* [Exercise]
Print the records below exactly, from the line containing "Christmas folded cards" down to the line containing "Francisco, California Surisan", both lines included, and omit every picture.

### The input

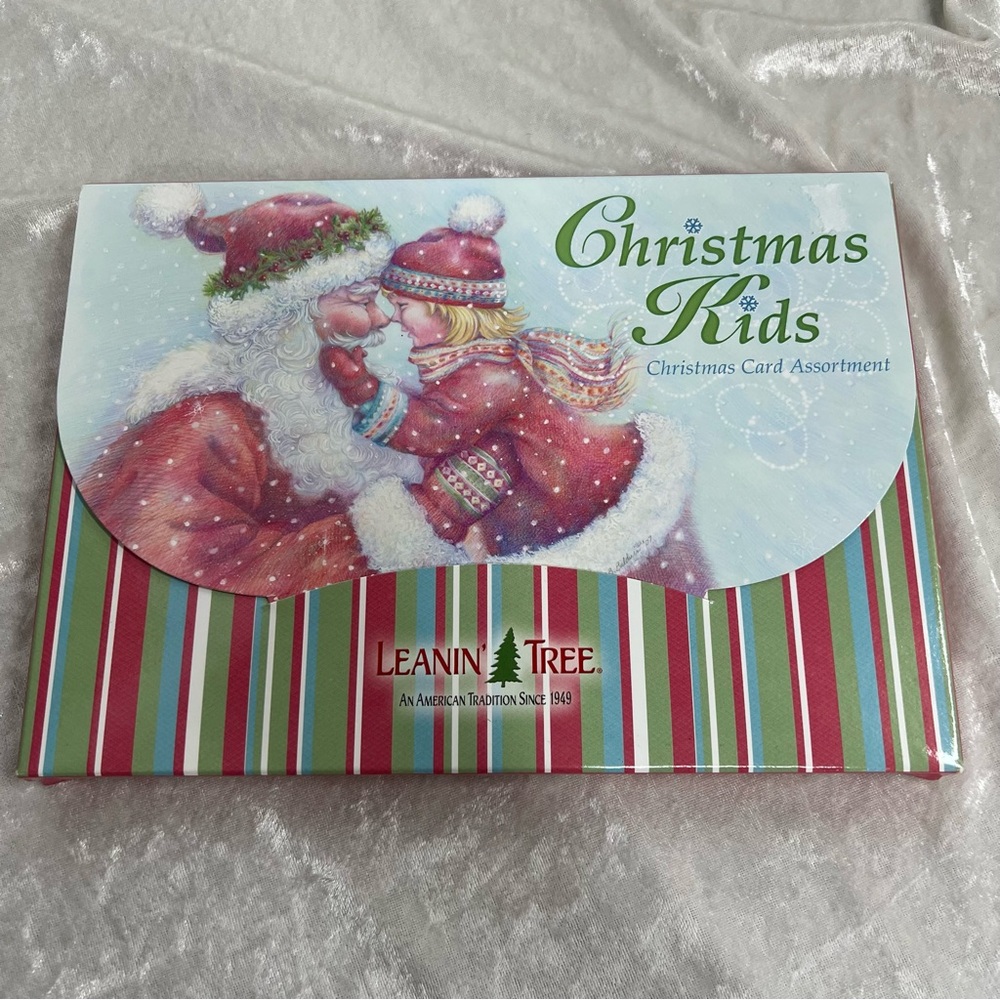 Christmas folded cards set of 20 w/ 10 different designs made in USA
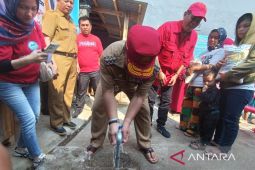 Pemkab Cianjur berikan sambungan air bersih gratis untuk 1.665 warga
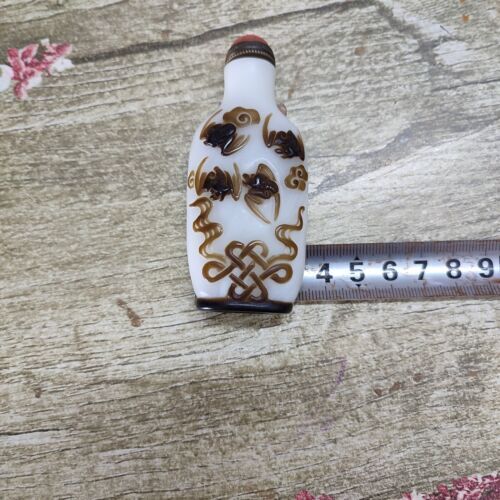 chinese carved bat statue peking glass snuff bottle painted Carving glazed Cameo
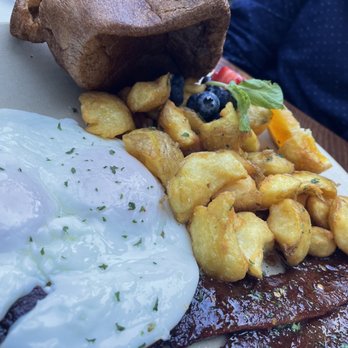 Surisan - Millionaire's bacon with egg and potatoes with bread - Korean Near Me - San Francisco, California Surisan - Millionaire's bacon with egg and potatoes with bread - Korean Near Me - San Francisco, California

######
### The input

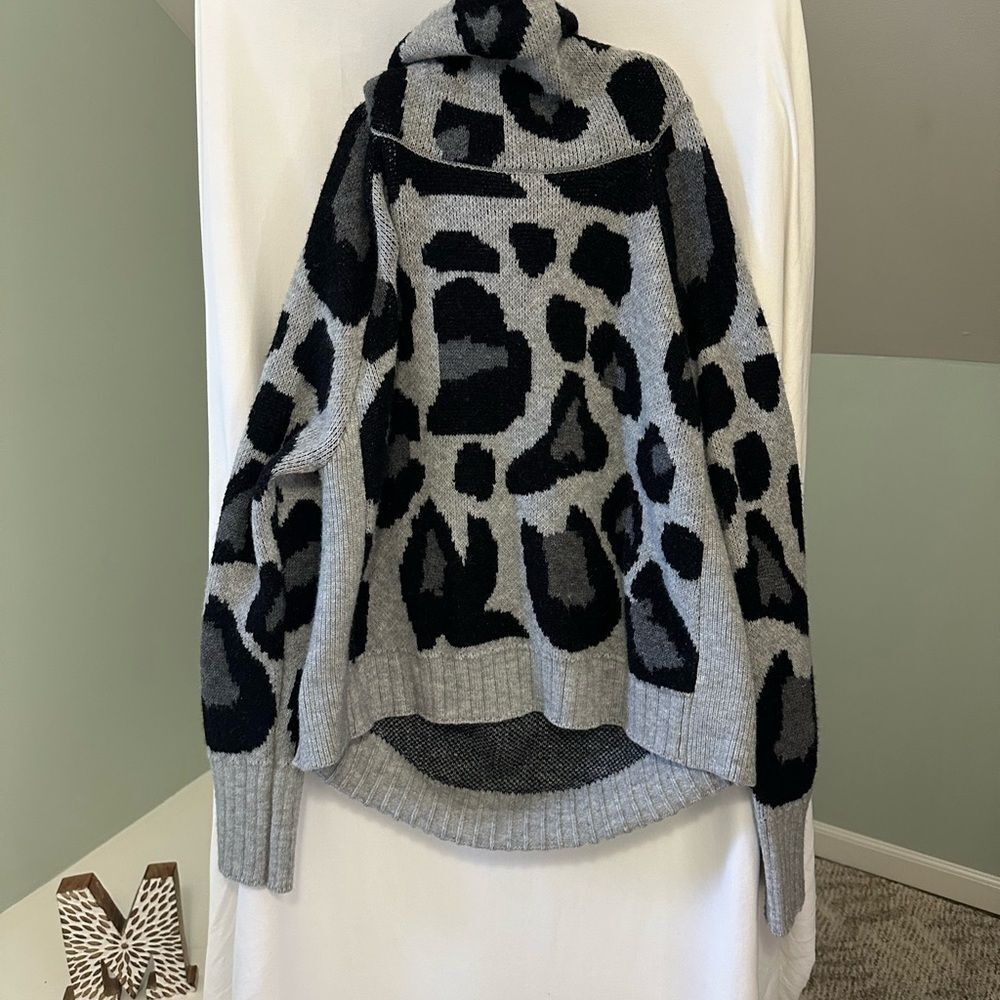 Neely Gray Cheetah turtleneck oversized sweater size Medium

######

* [Result]
 Christmas folded cards set of 20 w/ 10 different designs made in USA
 Pemkab Cianjur berikan sambungan air bersih gratis untuk 1.665 warga
 chinese carved bat statue peking glass snuff bottle painted Carving glazed Cameo
 Surisan - Millionaire's bacon with egg and potatoes with bread - Korean Near Me - San Francisco, California Surisan - Millionaire's bacon with egg and potatoes with bread - Korean Near Me - San Francisco, California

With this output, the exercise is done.